Consequently, IPOB, maintained that the court “has the inherent powers to set aside its orders when either granted without jurisdiction or granted in error”.

It said the Order was unconstitutional, as it was made in clear violation of the constitutionally guaranteed right of the Indigenous People of Biafra to self determination; Article 20(1) of the Africa Charter on Human & Peoples Rights, now domesticated into our Law under (Ratification and Enforcement Act) (Cap 10) Laws of the Federation of Nigeria 1990; Right to fair hearing, Right to freedoms of expression, and the press and Rights to peaceful Assembly and Association; clearly provided for under Sections 36, 39 and 40 of the 1999 Constitution of the Federal Republic of Nigeria as (Amended) 2011.
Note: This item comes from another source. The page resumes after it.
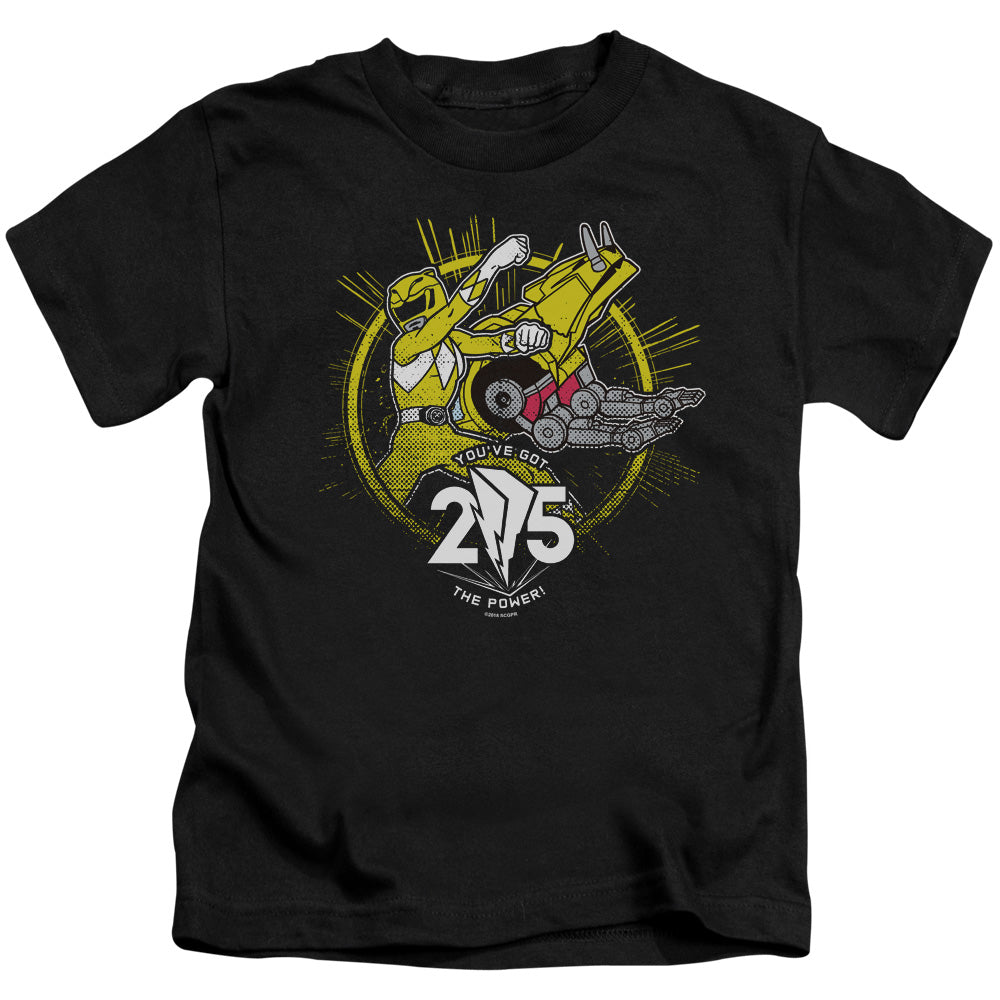 Power Rangers Yellow 25 Juvenile Kids Youth T Shirt Black Officially Licensed
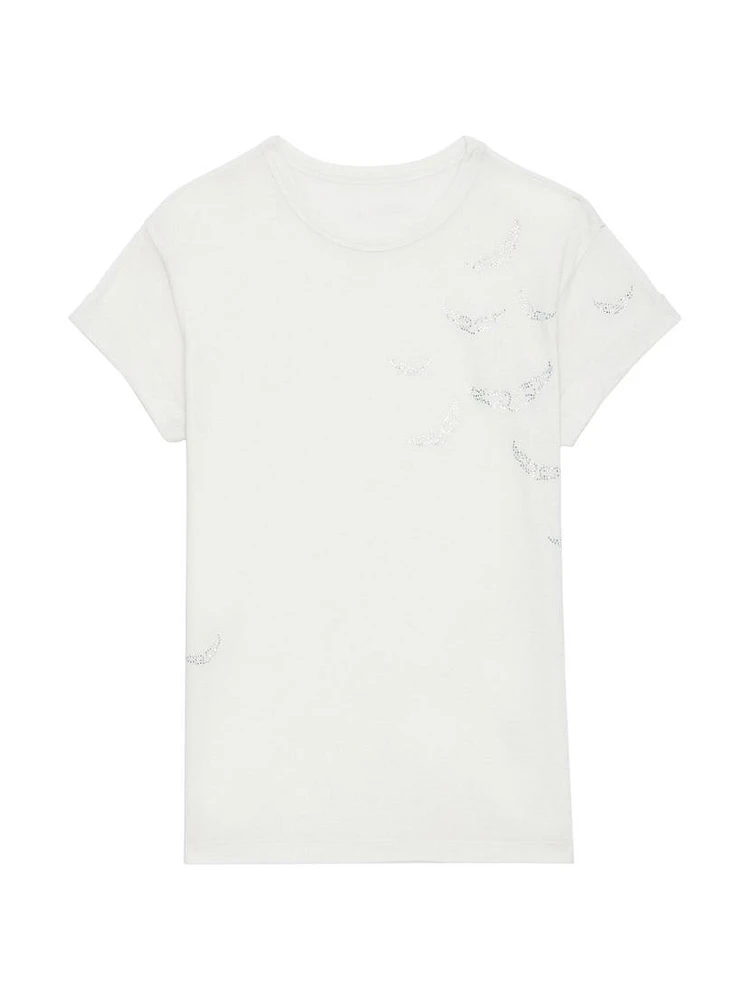 Anya Wings Crystal-Embellished T-Shirt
It was IPOB’s contention that a declaratory order could not be made pursuant to an Ex-parte application, without hearing from the party against whom the order was made.

In a 40-paragraphed affidavit deposed to by one Prince Mandela Umegborogu, IPOB, told the court that its members are lawful and non-violent socio-ethnic pressure group, largely made up of Indigenous People of Igbo extraction, and of Igbo neighboring states of Biafra region/origin.

“That as Indigenous People of the Igbo speaking states, and neighboring states of Biafran origin, they are a Community of individuals, and not registered as a registered as a legal entity.

“That the Respondent are merely a community of Indigenous People exercising their constitutionally guarantee right to self determination freedom of expression, peaceful assembly and association”.

It further told the court that the South Eastern States of the Country, largely made up of Anambra, Enugu, Imo, Abia and Ebony, have no history of violent crime, in recent times, before the soldiers were deployed to the South East on the Operation Python Dance.

“That Police Authority has been in effective policing of the entire South Eastern States”.

IPOB told the court that it is registered across many countries of the world, saying its activities have always been in conformity with the International Covenants and laws.

It said that its members do not pose any threat to any country, adding that recently, its members residing in the United Kingdom and United States of America were granted permission to protest within a designated place in the ongoing United Nations Conference.

IPOB also told the court that pictures (photographs) and video footages the AGF attached in the affidavit he used to secure the ex-parte order, “were all concocted and video/photo shopped to make it appear real, and do not represent the true images/impression of the Respondent/Applicant’s members”.